Dari ibu saya belajar berjalan, memeluk, membersihkan diri, berbagi, dan bersosialisasi. Bapak datang membocorkan rahasia tentang dunia ketiga. Lewat peta buta ia menjelaskan pulau-pulau yang tak bernama. Bapak jualah yang menabur benih sebagai petualang. Umur tujuh tahun saya mengenal hutan, berlayar dengan tongkang, tidur di bagasi hardtop, naik traktor, menggayung perahu, berburu, hingga menyantap binatang buas.

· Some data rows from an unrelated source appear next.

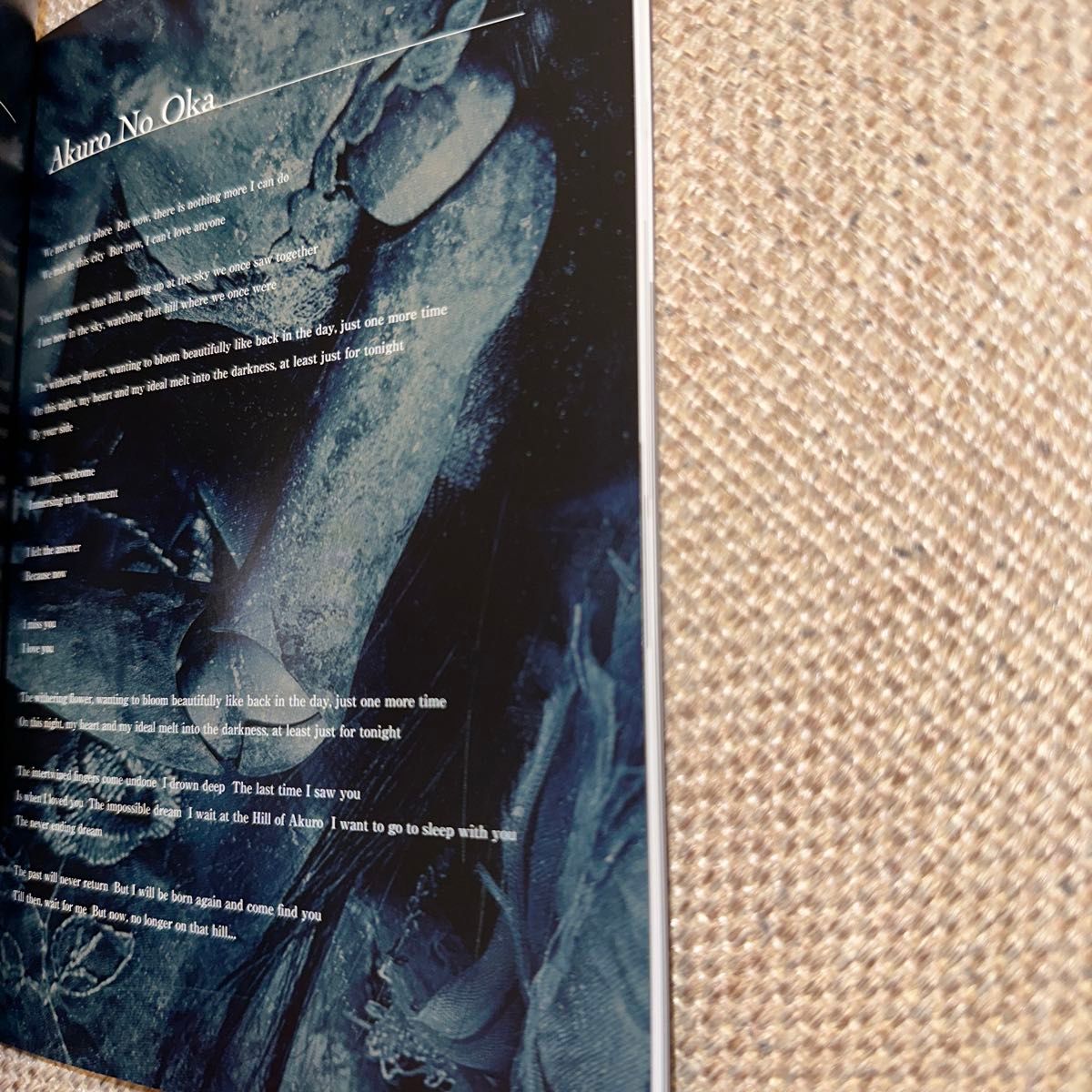 DIR EN GREY ／ 19990120 (完全生産限定盤 CD＋DVD)｜Yahoo!フリマ（旧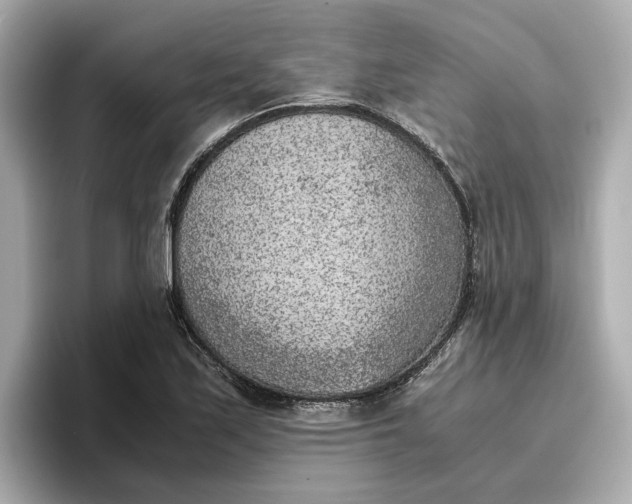 X0000096961171200802221336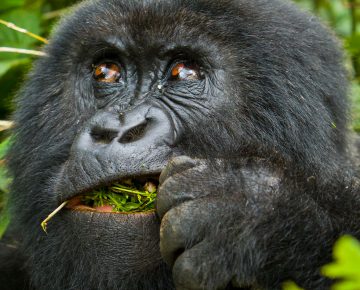 14 Days Grand Tour of Rwanda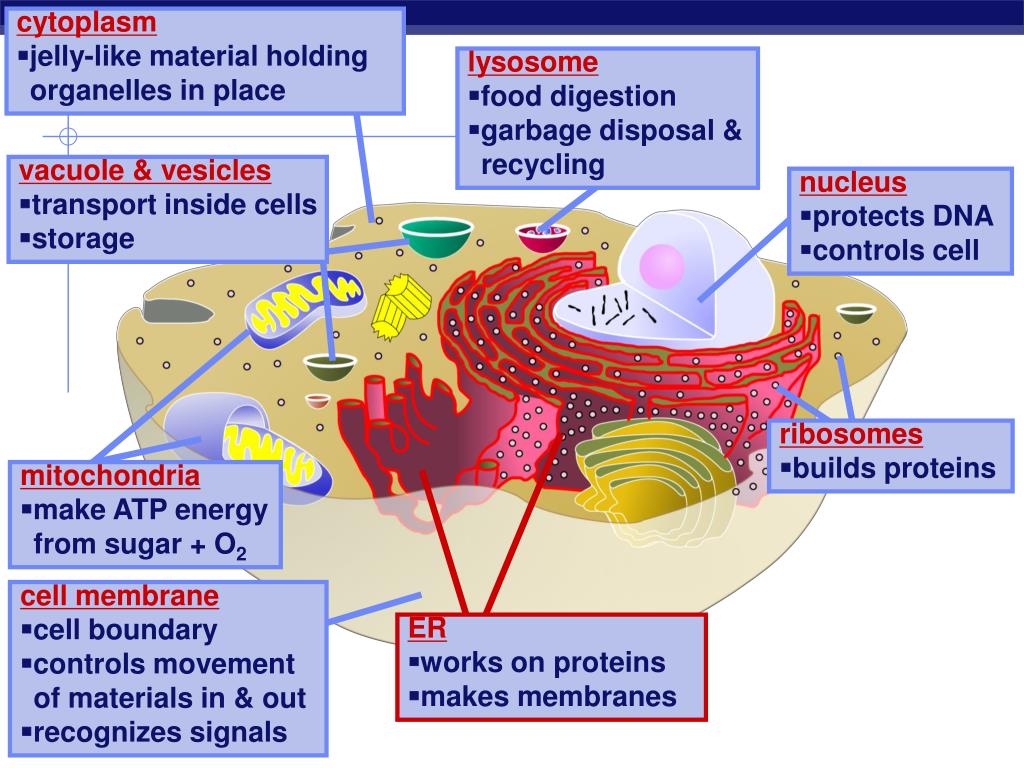 Ppt Structure And Function Of Larynx Powerpoint Presentation Free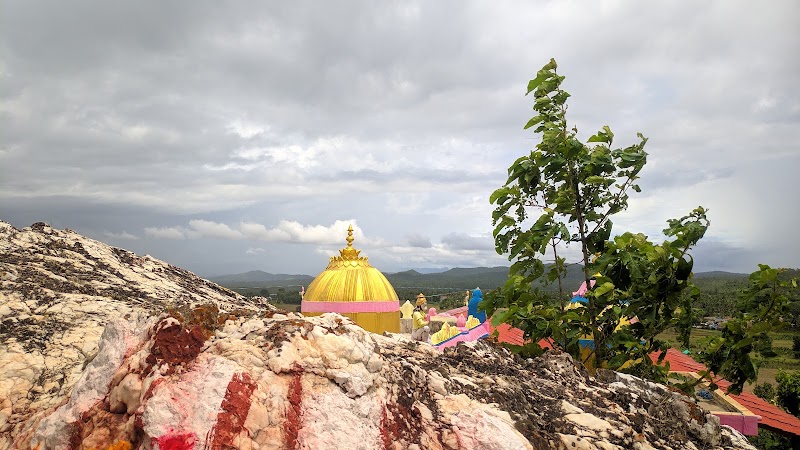 Shri Ranganatha Swamy Temple - Bilikallu Betta - Shri Ranganatha Swamy Temple - Bilikallu Betta QJRF+C79, Hunasekatte, Karnataka 577115, India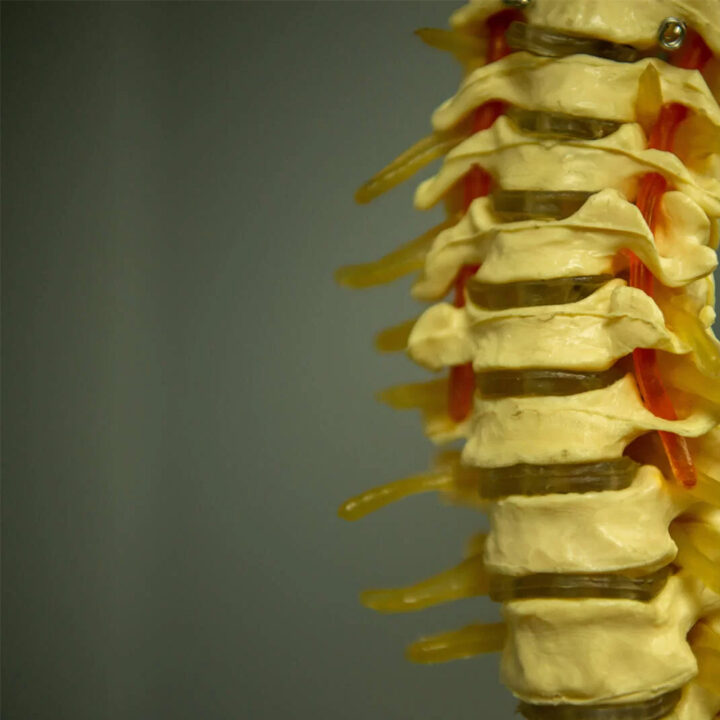 Meeting-Chronic-Pain-Challenges-1080×720 Skelton spine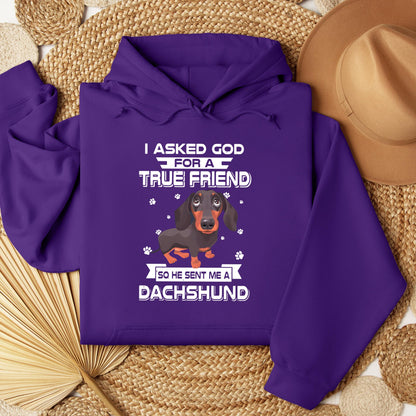 I Asked God For A True Friend So He Sent Me A Dachshund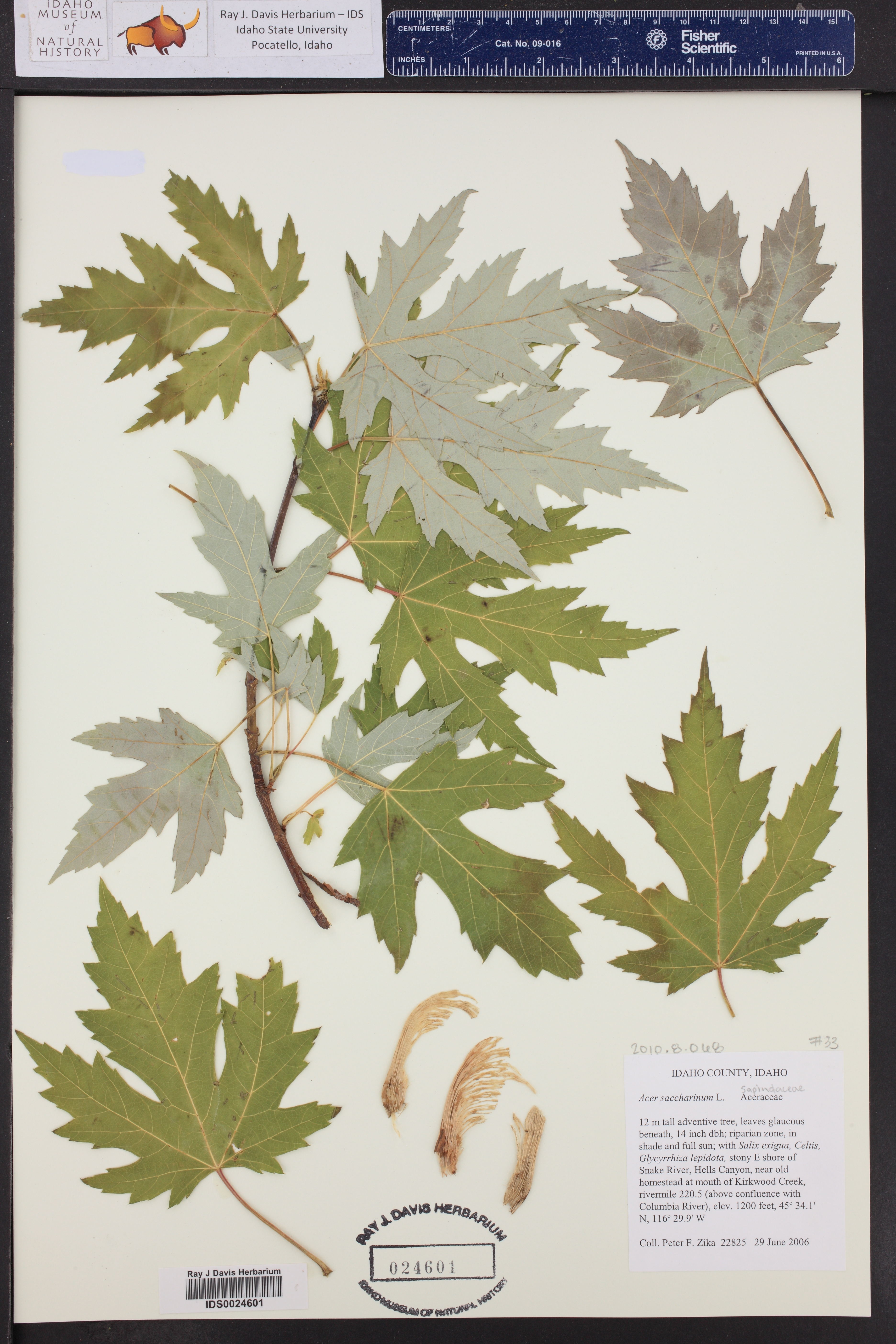 Acer saccharinum ()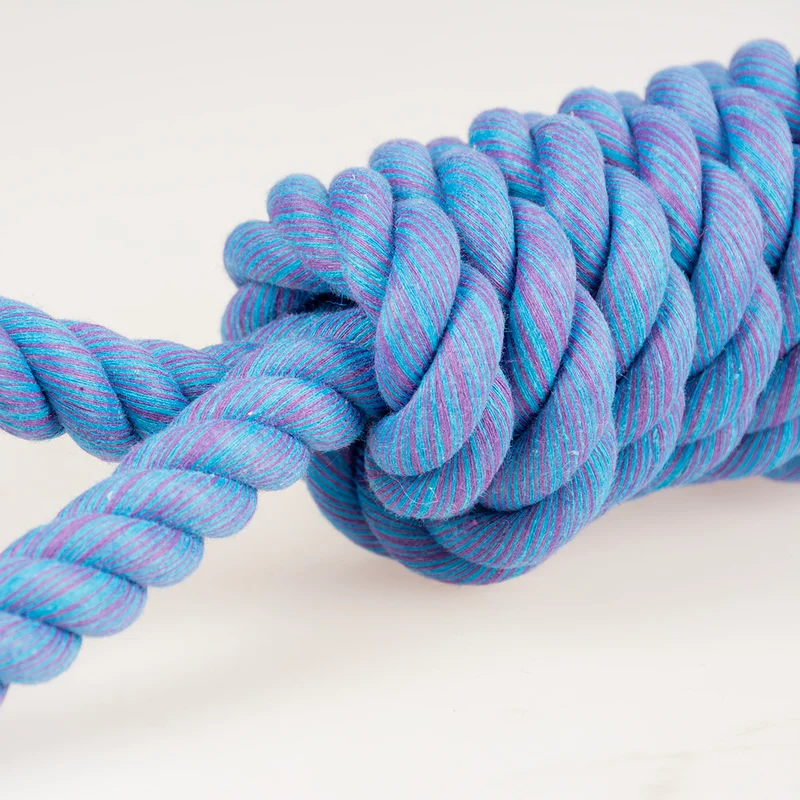 ebi Bite Me 'Tug Life' 2 Loops Playing Rope Dog Toy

Nenek hadir sebagai panutan luar biasa. Keagungan budaya dan hukum tata adat mengalir dalam darahnya yang kental. Kami besar dalam nilai-nilai religi khas Indonesia Timur. Tidur dalam keadaan lapar atau memasuki masjid dengan baju kusut adalah dosa besar di matanya. Beruntung, setelah menunaikan mimpi terakhir, Tuhan memanggilnya pulang.

Tumbuh dalam halaman-halaman Atlas tua, saya pun bersumpah jika sudah besar nanti dunia ketiga harus takluk di bawah kaki. Bapak harus bangga, bahwa Indonesia memang tidak seluas Halmahera atau setinggi Gamalama.